An engineer wants to build something useful, and advertising is not useful. I
mean really, who cares if 1% of a particular demographic switches from Tide to
Wisk? Do you really want to put your talents to use in that way?

------
rfugger
Modern advertising is a parasite on people's evolved cooperation mechanisms.
We naturally feel moved to do what those around us are doing, and advertising
preys on that instinct by providing it false social cues to encourage behavior
that is profitable for the advertiser.

------
jcmhn
I dislike advertising itself as much as the next engineer. I won't even
attempt to defend that position with logic, it's a visceral preference.

But I especially wouldn't want to work for advertisers. It seems natural that
such companies would be structured to have engineering work for sales and
marketing, with management acting as a funnel rather than an umbrella.

------
mikeash
First of all, how can you rationally hate something? Hate is inherently
irrational. Anybody who hates anything hates it irrationally. The title should
simply be, "Engineers hate advertising tech". The use of the word
"irrationally" is simply a lame attempt to paint us as being objectively
wrong, which doesn't even make sense.

Second, I think a lot of people have good reasons for disliking advertising
tech. Beyond a certain point, advertising essentially becomes a zero-sum game.
The people who see your ads are only going to spend so much money on stuff,
and once you've saturated that, the best you can do is move the money around.
It's unlikely that your product is vastly better than what people would
otherwise find.

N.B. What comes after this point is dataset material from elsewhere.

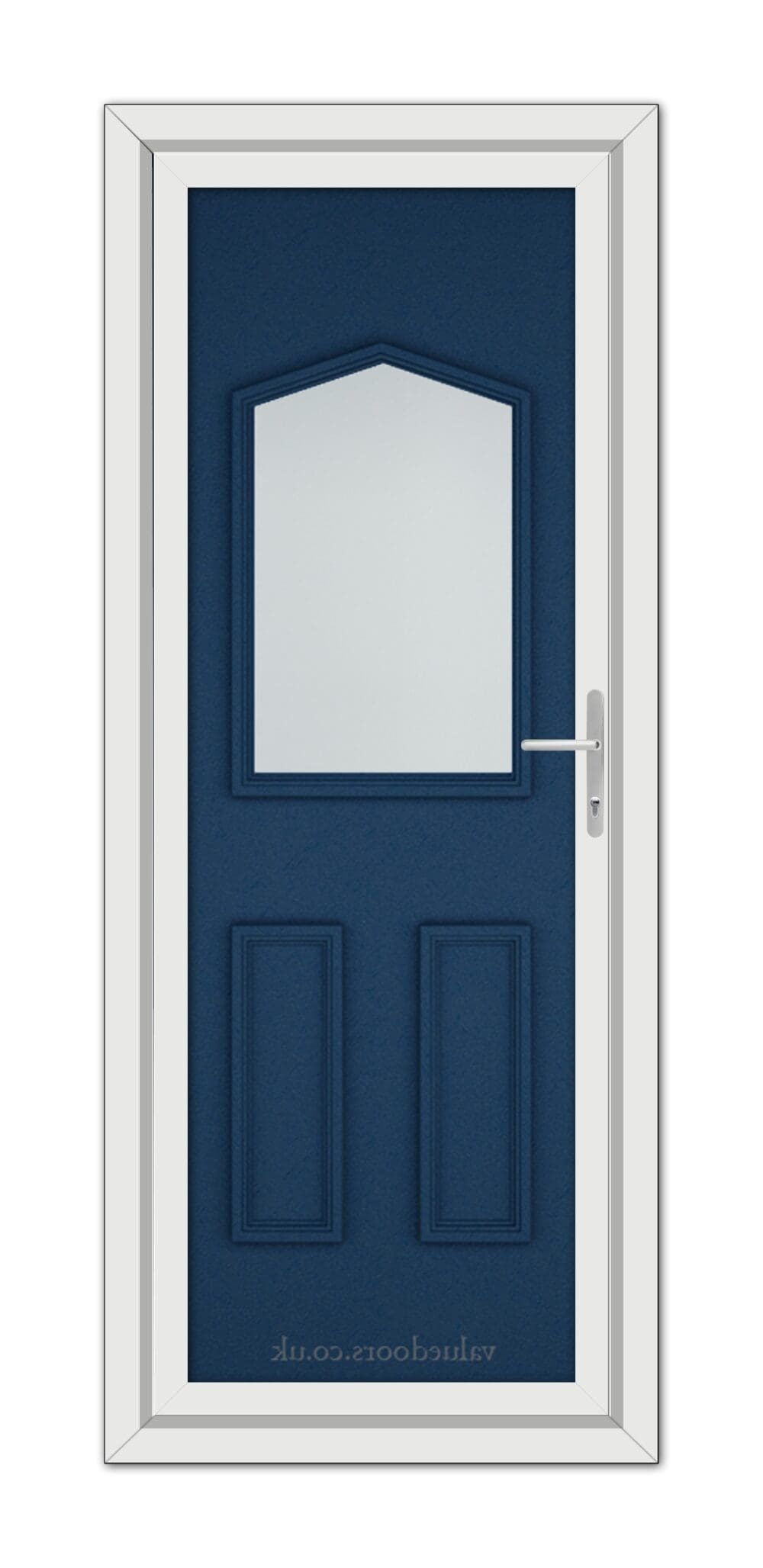 A vertical image of a closed Blue Oxford uPVC Door with an arched window at the top and two recessed panels, set in a white frame.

Advertising can certainly help get the word out about truly
excellent new products, but that use is vastly outweighed by simply trying to
switch people from one brand to another mostly equivalent one.

Because of this zero-sum nature of much advertising, it becomes a race to the
bottom. In most markets, if competing products A and B both improve an equal
amount, everybody benefits. In advertising, if competing ads A and B both
become more effective at selling, little changes. The better ad will continue
to work better, but the absolute effect will not change much. (In reality, all
ads compete against all other ads to an extent for people's money, but the
point still holds as long as you look at all of them.) The trouble is that an
ad's effectiveness is only loosely tied to its aesthetic value or utility to
the viewer. In other markets, when competitors race to improve their products,
the result is awesome products. In advertising, the result is ads that are
continually larger, louder, brighter, stupider, more difficult to bypass, more
insulting, and more annoying. Companies race to one-up each other's ads and
the rest of us are just collateral damage in their war.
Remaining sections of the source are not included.